Am Tag als du dein Diplom bekamst, sollte ich für die Zeitung einen Gangsterrapper treffen.
Ich war nervös. Ich hatte Angst vor dem Interview. Da ich erst 48 Stunden vorher davon erfuhr und die Zeit bis dorthin mit Vorbereitung draufging, vergaß ich, deinetwegen aufgeregt zu sein.

Wir hatten uns mehrere Wochen nicht gesehen, und ich fragte mich, wie es sein würde, dich im Anzug zu sehen, bei so einem Termin.
Ich bin an dem Abend früh nach Hause gegangen. Ich war wütend, weil sich nichts verändert hatte.

Immer noch Sommer. Ich war oft weg und dann lag ich wieder auf deinem Sofa und jammerte. Ich wollte aufhören irgendwen zu küssen, nur weil sich die Gelegenheit ergab. Wir waren Freunde.

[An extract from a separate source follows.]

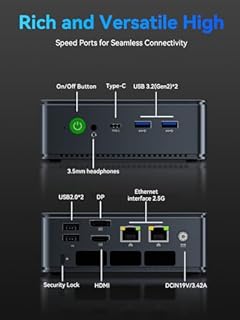 GMKtec Mini PC AMD Ryzen 7 W-1 Pro 7730U (Superiore a Ryzen 7 5825U) (8Core / 16Thread, fino a 4,5 GHz), M5 Ultra Dual LAN 2.5G Mini Computer, 16GB DDR4 RAM+512GB SSD PCIe, WiFi 6,USB 3.2,USB-C,BT 5.2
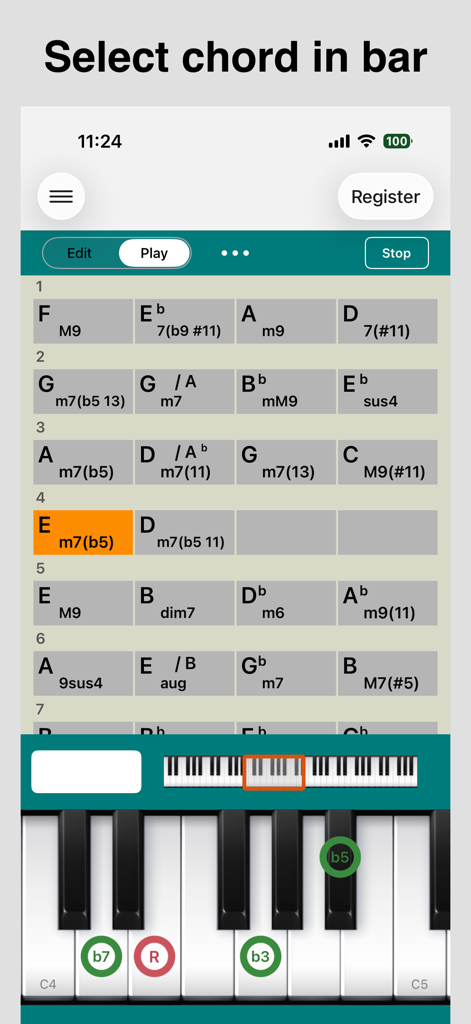 A screen from Piano Chords Master app showing a chord progression grid and a piano keyboard with chord tone indicators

An meinem Geburtstag hast du mich abgeholt. Und ich merkte wieder, dass ich nervös war. Unsere Füße berührten sich auf der Picknickdecke in der Dunkelheit zwischen den anderen. Selbstverständlich gingen wir allein in die andere Richtung. Küssten uns, mitten auf der Straßenkreuzung, sobald der letzte verschwunden war.
Ich schlief neben dir ein, und sagte: Ich mag nicht mehr ohne dich.

Das war der Sommer.
Der Herbst kam direkt danach.

Wieder hatten wir uns mehrere Tage nicht gesehen. Wieder kam ich in deine Küche, voller Gedanken, die weitab von Freundschaft waren.
Du hast mich gefragt, ob ich enttäuscht sei. Ich war wütend und habe ein Glas fallen lassen.

Ich rief nicht mehr an.
Ich schrieb keine SMS mehr.
Ich wollte dich nicht mehr sehen.
Ich ging auf Parties, von denen ich wusste, dass du nicht dortsein würdest.

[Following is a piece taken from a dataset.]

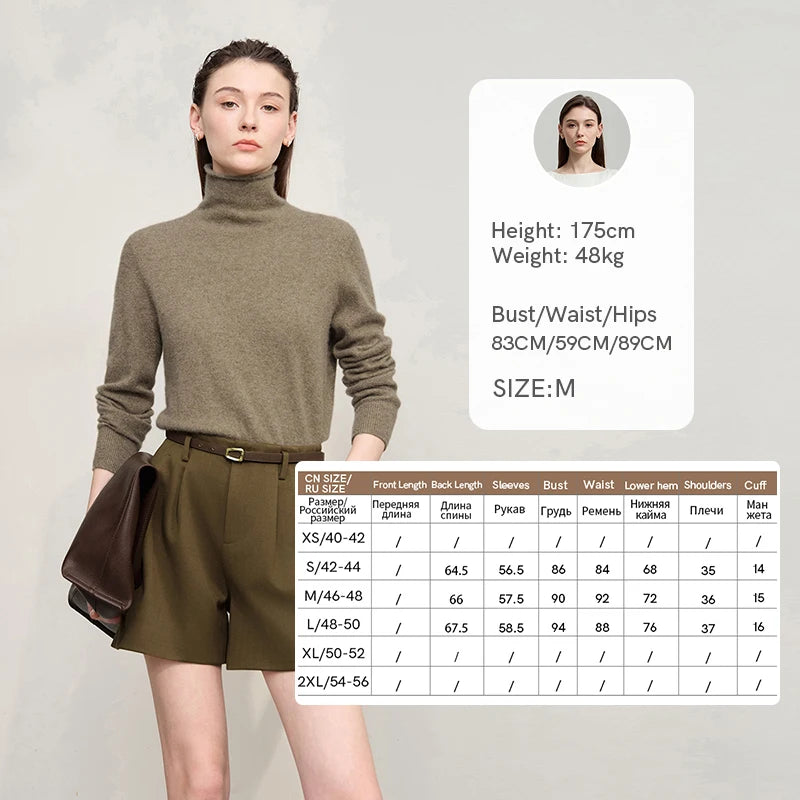 អាវក្រោះ Cashmere សម្រាប់នារី AMII សម្រាប់ធ្វើដំណើរទៅធ្វើការ អាវក Turtleneck ដែលអាចបត់បែនបាន រដូវរងាឆ្នាំ ២០២៦ អាវយឺតដៃវែងថ្មីសម្រាប់នារី 12524096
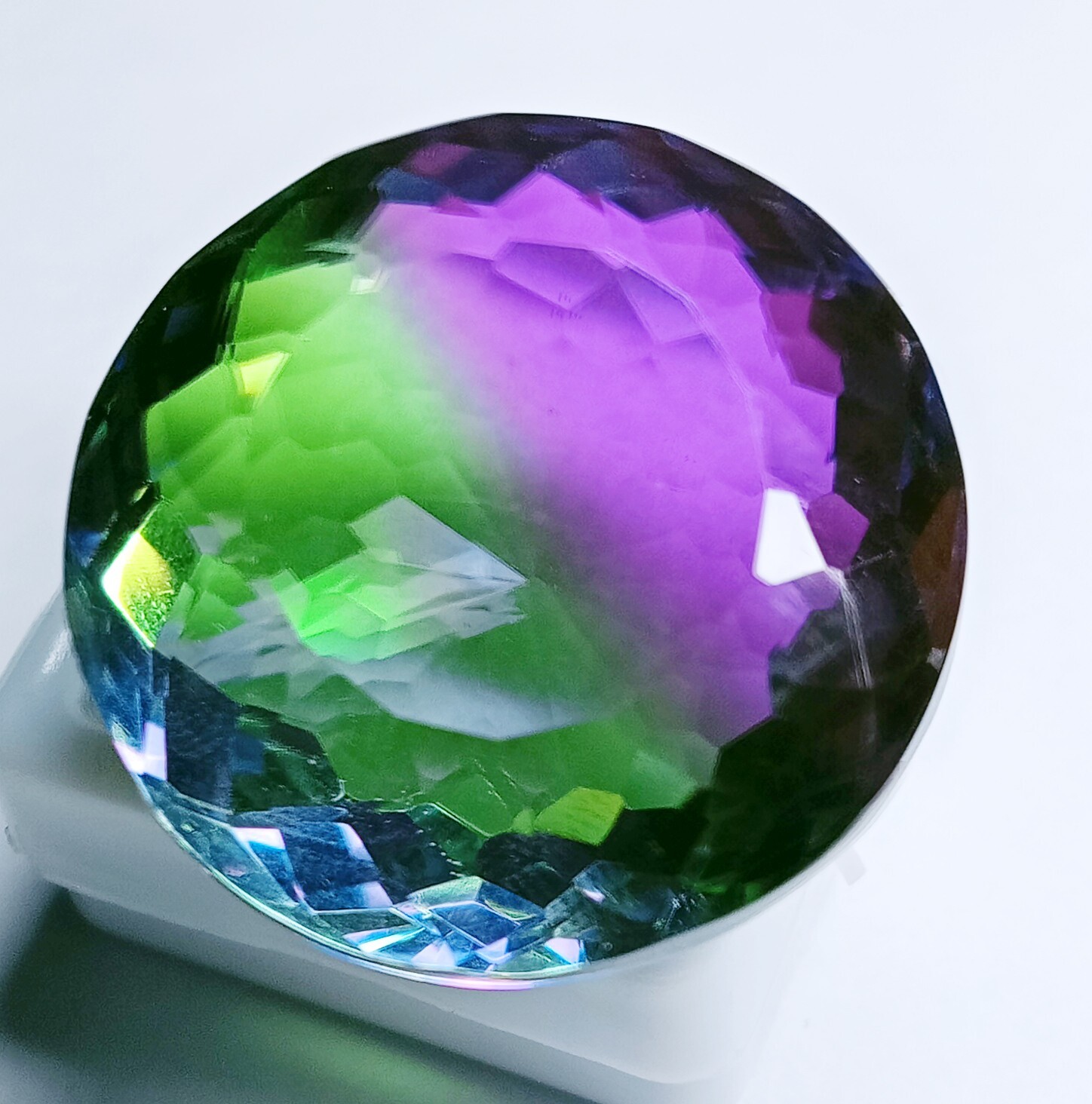 Natural Large Size Tourmaline Bi-Color Round Cut Certified 90.75 Ct Gemstone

Endgültig, ich wusste es: Da war nichts.

Vier Tage später lief ich im Supermarkt in dich hinein. Du hast für uns beide eingekauft und dann gekocht. Ich wollte nicht mehr gehen.
Ich sagte: Du hast die Hosen voll.

Du hast nichts gesagt, nur geschaut.
Aber dein trauriger Blick hat aufgehört und du hast nicht mehr hilflos gewirkt, wenn ich dich wütend angeschaut habe.

Der Winter kam Ende Oktober. Morgens hast du meinen letzten Mantelknopf zugemacht. Und da wusste ich, du wartest abends darauf, dass das Licht in meinem Fenster angeht.